The CIVIS Media Prize is the best prize in the world,” said Sandra Maischberger, the presenter? of the evening. It is a “prize with demeanour”. Many guests with demeanour from the areas of politics, culture and media came together this evening in the Weltsaal of the German Foreign Office in Berlin, where the European CIVIS Media Prize was awarded for the 31st time, sensitising the media and journalists to the topics of migration, integration and cultural diversity.
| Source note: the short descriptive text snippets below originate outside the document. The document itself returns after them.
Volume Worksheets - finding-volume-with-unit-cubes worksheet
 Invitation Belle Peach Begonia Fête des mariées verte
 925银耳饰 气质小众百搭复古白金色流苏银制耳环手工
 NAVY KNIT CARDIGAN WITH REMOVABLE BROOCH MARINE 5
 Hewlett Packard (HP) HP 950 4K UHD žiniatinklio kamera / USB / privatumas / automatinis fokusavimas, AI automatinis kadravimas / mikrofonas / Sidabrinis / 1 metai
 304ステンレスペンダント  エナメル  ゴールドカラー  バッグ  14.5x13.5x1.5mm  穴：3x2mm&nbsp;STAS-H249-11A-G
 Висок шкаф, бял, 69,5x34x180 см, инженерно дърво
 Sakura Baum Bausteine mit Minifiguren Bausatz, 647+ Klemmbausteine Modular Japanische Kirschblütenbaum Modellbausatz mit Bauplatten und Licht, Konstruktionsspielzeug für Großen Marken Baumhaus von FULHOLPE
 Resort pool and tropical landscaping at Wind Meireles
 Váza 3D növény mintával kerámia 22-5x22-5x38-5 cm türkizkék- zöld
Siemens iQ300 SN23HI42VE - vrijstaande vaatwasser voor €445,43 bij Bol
After a champagne reception they took their places at the tables in the festively decorated Weltsaal, where they were welcomed by Michael Radix, Executive Director of the CIVIS Media Foundation. He explained clearly why the CIVIS Media Prize makes an important contribution to the social discourse: Right-wing populist parties and groups are gaining ground throughout Europe, traditional norms and values are being gradually relativized and discussed controversially. The latest example in Germany was the “shameful comment” by the leader of the AfD, Alexander Gauland, who trivialised the National Socialist crimes as mere “bird droppings in 1000 years of German history”. “The media must react more sensitively to targeted provocations and should not allow itself to be instrumentalised when taboos are broken”. CIVIS aims to encourage journalists in this task.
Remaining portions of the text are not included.